The Tories want to restrict online porn to adults if they win the election. The age verification system needed is possible - but are we happy to let our credit card providers know what we're looking at online?

The Tory culture and media secretary, Sajid Javid, has announced that a Tory government would force age verification controls upon hardcore pornography sites. While complicated, this is not impossible. The policy debate about whether and how to control sexual information and pornography is broad and diverse. While this policy is nested in those larger debates, it is also at its core an extension of existing, relatively uncontroversial policies on preventing children from seeing pornography in the pre-online world.

British regulators have previously called for age verification controls for adult content.
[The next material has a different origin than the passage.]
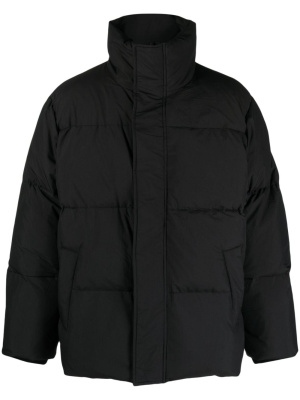 

Polaris logo-patch padded jacket, Etudes Polaris logo-patch padded jacket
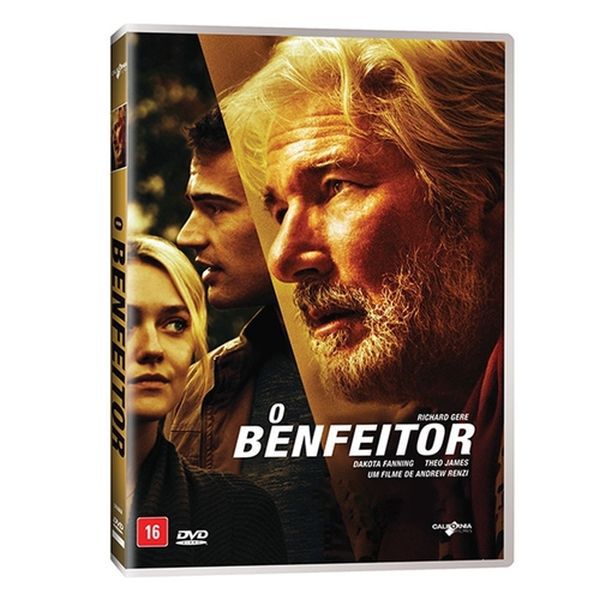 DVD O BENFEITOR - RICHARD GERE - DAKOTA FANNING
The Authority for Television On Demand (ATVOD) in 2013 sought to cut off payments to sites who did not implement age restrictions. A 2014 House of Commons Culture, Media and Sport Committee report on online safety cited age verification as a method to prevent children from seeing pornography.

Setting aside the question of whether it is appropriate for government to restrict certain content to children, is the announced Tory policy feasible? Yes, it is. The technology and the data exist to furnish the UK public with online credentials that could reliably assert age. The policy hinges on there being a business model to sustain age verification services, how privacy will be handled, and whether there is the political appetite to enforce it through blacklisting.

Adult content businesses will not implement their own age verification controls – they will rely on third parties to make age assertions about their users. Pornography consumers will therefore have to be enrolled in a service that allows them to login in a verified way to adult sites. There are two main ways this could happen:

  • A payment mechanism like a credit card can be used to assert that a person is over 18. As under 18s can get a credit card with an adult guarantor, the credit card companies would have to alter their operations somewhat for this to work. The benefit of this approach is that many adult sites accept credit card payments and so there is already a business and technical relationship in place to build upon.
  • An ‘identity provider’ could issue credentials that assert the age or an ‘over 18 claim’ to an adult site. Such companies already exist and are the basis of the Gov.UK Verify initiative which seeks to provide credentials for people to access government websites.

A key issue is that using a third party for online access means that someone is always looking over your shoulder. Since the content in this case is porn, people are going to be very sensitive about revealing their online habits and preferences. Many people will not like Visa or Mastercard and all of the intervening banks knowing which adult sites they visit, and those companies are not currently set up to hide or delete that information from their transactions. Identity providers can do this more readily, but there is a cost to creating privacy-preserving systems, to say nothing of the trust that people would have to place in companies that they are living up to their privacy promises.

Technically, it is certainly possible to build age verification systems that obfuscate the identity of the user from both the porn site and the identity provider. Again, this is an issue of business: who will pay for it, and is the model sustainable? The gambling sector has had age verification controls in place for years but not the ability to hide identity. It’s a complicated design, but possible. An alternative method would be for identity providers to scramble the user’s identity internally where it connects to the list of sites visited, and prevent the ID from being unscrambled except in the case of a court order. This would require a good deal of policy development with ATVOD. In any model, though, payments further complicate the issue as they are inevitably tied to a specific person.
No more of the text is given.